I tried to explain the best I could: "Looks like there's a senior operative power struggle going on at E2, and someone with their own agenda has decided to send us down to take care of things. This will probably be our toughest mission yet."

T2 didn't offer a spoken reply to the last piece of background information. He just stared me in the eye and continued cleaning his M33 Utility, Opener, Bottle.

What had we gotten ourselves into this time? Challenged to do a beer relay - which that godforsaken heathen country was so famous for - the minute we set foot on Kastrup? Our hands tied to our backs behind some seedy downtown adult shop, forced to eat sausages containing additives outlawed back home? Pumped full of amphetamine and held in front of grainy VHS recordings from the 1986 World Cup?

What evil puppetmaster was pulling the strings here?

I dozed off in the leather-ish seat, dreaming disturbing dreams of Michael Laudrup. The word "NEMESIS" was tattooed in flaming letters across his scrawny chest.

- * -

Sunday March 9, 2003 1859 GMT+2

"Hey! Spending a Saturday night in Copenhagen like that was a great idea!"

"Couldn't agree more. Their hair must hurt today."

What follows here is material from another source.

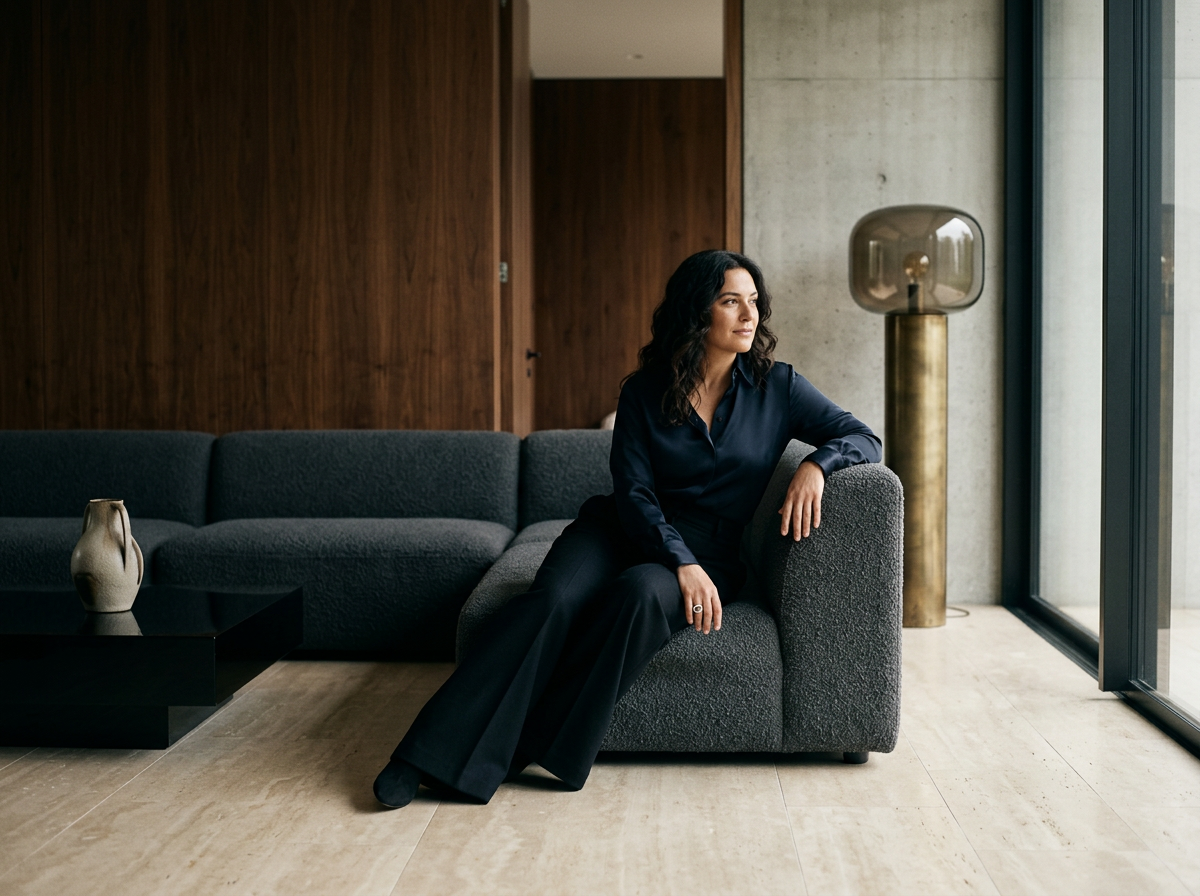 Woman in black sitting on a gray sofa next to large glass windows with a view outside, in a modern living room with wooden walls and a decorative table lamp.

Back in Norway, skint. At the far end of the arrivals someone had set up an Internet kiosk. I went over to it and swiped my by now see-through Visa in the slot and got access. I had but one message to send back:

Mission complete.


Pictures available at http://geekinfo.net/e2/winter.html
Allright, allright. I know there's too many references in here to stuff you don't know anything about. Like Michael Laudrup's status as Norway's national football nemesis and the part about tortilla chips. And the aircraft. And the adult bookstores. And the red sausages. These are my references and this was our nodermeet. Sorry.

Nope, I don't call this winter.. Early spring has come and the weather is nice.

Being a totally GTKY writeup on what happened at the second meetup.

Due to excessive wimpyness on the part of the danish noder flock, it turned out that this meeting was only going to be with myself and liveforever. Anyway this was actually how we originally planed it to be. It was only after I excerted just that small amount of pressure at just the right spot, that liveforever suddenly caved in and arranged a fully fledged nordic gathering, twice.

Again we met up at Klaptræet, where liveforever was immediately intimidated a group cheerfull youngsters who had decided they pretty much owned the place. One of them in particular fit the bully stereotype fairly accurately. You know the type, - "What? Did you call me an asshole?!". BANG! And you wake up a minute later, with blood all over you face. And as I found out later he has his reasons. The beertaps were malfunctioning, and the cute female bartenders were too inept to fix them, so we had to resort to the bottled kind. Fine. I like GTs. I am a physics student after all.

We sat down in the E2 corner and started to break the ice. This turned out to be easy as liveforever (like you might expect if you see how much stuff he has feed into this place) has litterally a million stories and anecdotes to tell. I heard about a couple of books he has done, his work researching the plague epidemics in europe and how the danish television has got it all wrong. We discussed movies, compared scars, of which he admittedly outclasses me in both numbers and sizes, this is why he didn't like the noisy party at the table across from ours, apparently you can count on liveforever to be there when bad things happen. :-)

I seem to be asking everybody for romantic advice lately, and as expected I was able to pull a few tips. Lastly we talked about nothing other than E2. I had been waiting to tell him what my favorite node is and he was able to supply some perspective on what E2 is really about. It was about this time that liveforever started complaining about work, kids, unpacking boxes, writing and stuff and said maybe we should call it a night. It is never a bad idea to quit when you are ahead so I could not object.

So no wild party, no embarrassing pictures. Just two guys, a few bottles and good old danish hygge. I am looking forward to the next gathering.